Task description: The listing below is to be written out word for word, minus its images.

Recorded data:
========

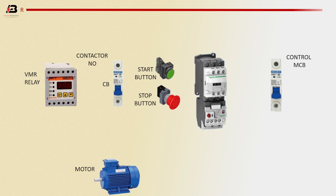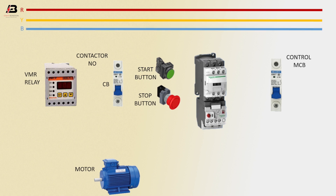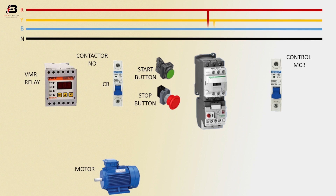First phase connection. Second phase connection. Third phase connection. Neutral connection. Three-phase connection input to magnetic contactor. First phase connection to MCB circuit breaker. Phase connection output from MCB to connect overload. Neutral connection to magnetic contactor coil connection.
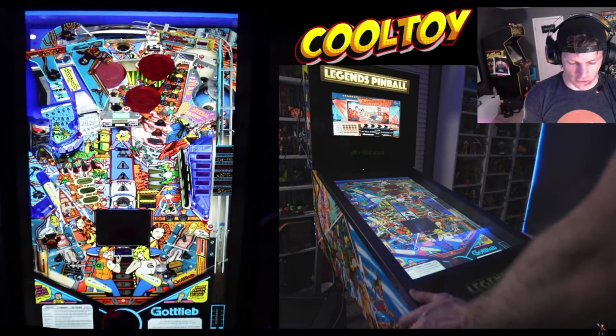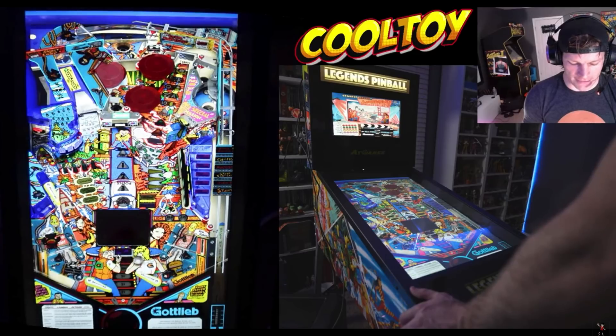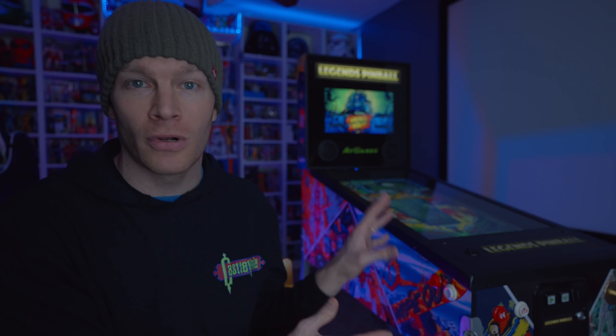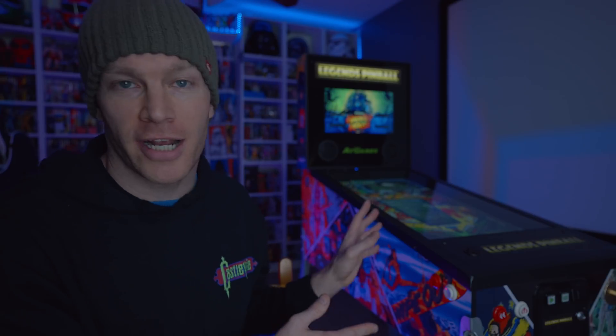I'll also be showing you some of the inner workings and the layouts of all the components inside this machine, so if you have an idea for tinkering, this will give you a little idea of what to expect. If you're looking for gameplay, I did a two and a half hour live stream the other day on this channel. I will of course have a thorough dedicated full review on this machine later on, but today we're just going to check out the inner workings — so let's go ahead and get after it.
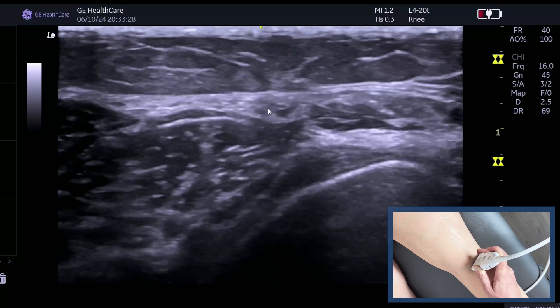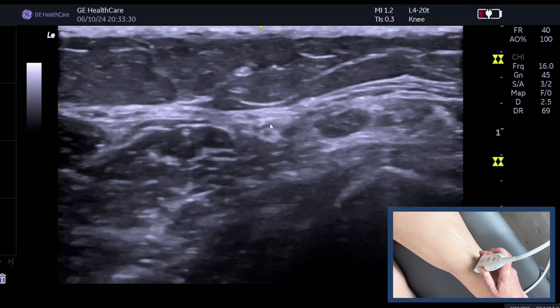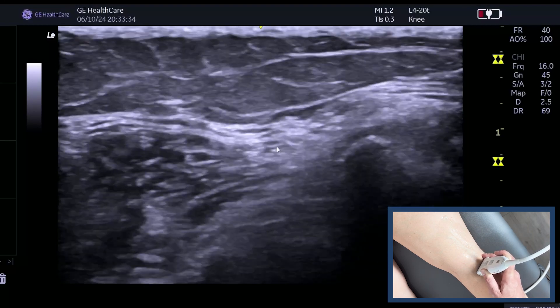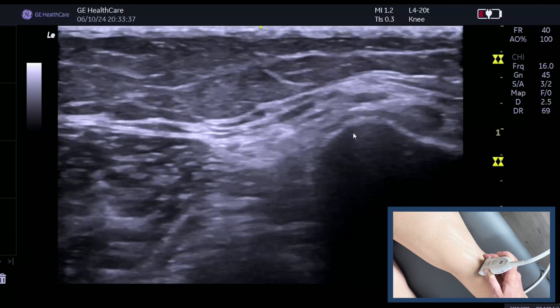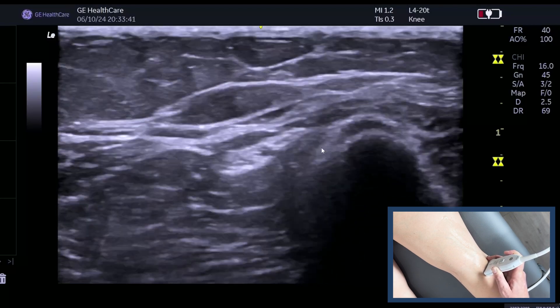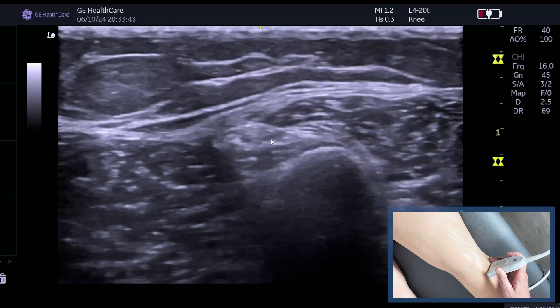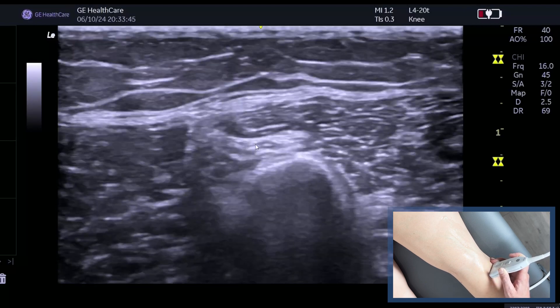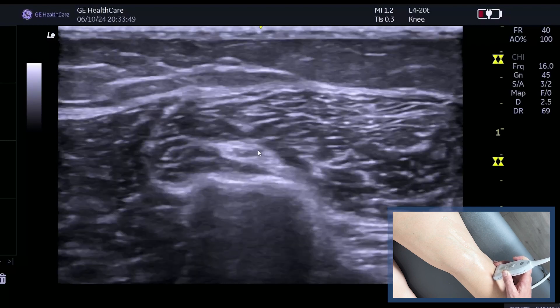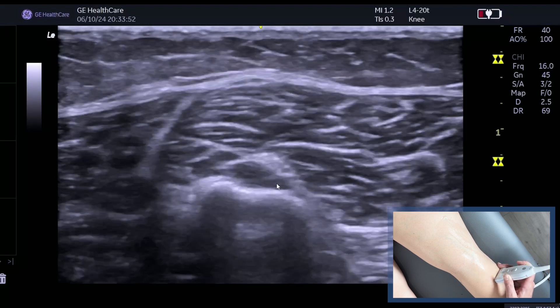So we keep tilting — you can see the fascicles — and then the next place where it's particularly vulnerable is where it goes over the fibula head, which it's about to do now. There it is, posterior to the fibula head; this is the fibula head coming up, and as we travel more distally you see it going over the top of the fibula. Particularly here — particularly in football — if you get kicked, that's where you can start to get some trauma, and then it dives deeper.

========

Response to this exercise:
First phase connection. Second phase connection. Third phase connection. Neutral connection. Three-phase connection input to magnetic contactor. First phase connection to MCB circuit breaker. Phase connection output from MCB to connect overload. Neutral connection to magnetic contactor coil connection.
I'll also be showing you some of the inner workings and the layouts of all the components inside this machine, so if you have an idea for tinkering, this will give you a little idea of what to expect. If you're looking for gameplay, I did a two and a half hour live stream the other day on this channel. I will of course have a thorough dedicated full review on this machine later on, but today we're just going to check out the inner workings — so let's go ahead and get after it.
So we keep tilting — you can see the fascicles — and then the next place where it's particularly vulnerable is where it goes over the fibula head, which it's about to do now. There it is, posterior to the fibula head; this is the fibula head coming up, and as we travel more distally you see it going over the top of the fibula. Particularly here — particularly in football — if you get kicked, that's where you can start to get some trauma, and then it dives deeper.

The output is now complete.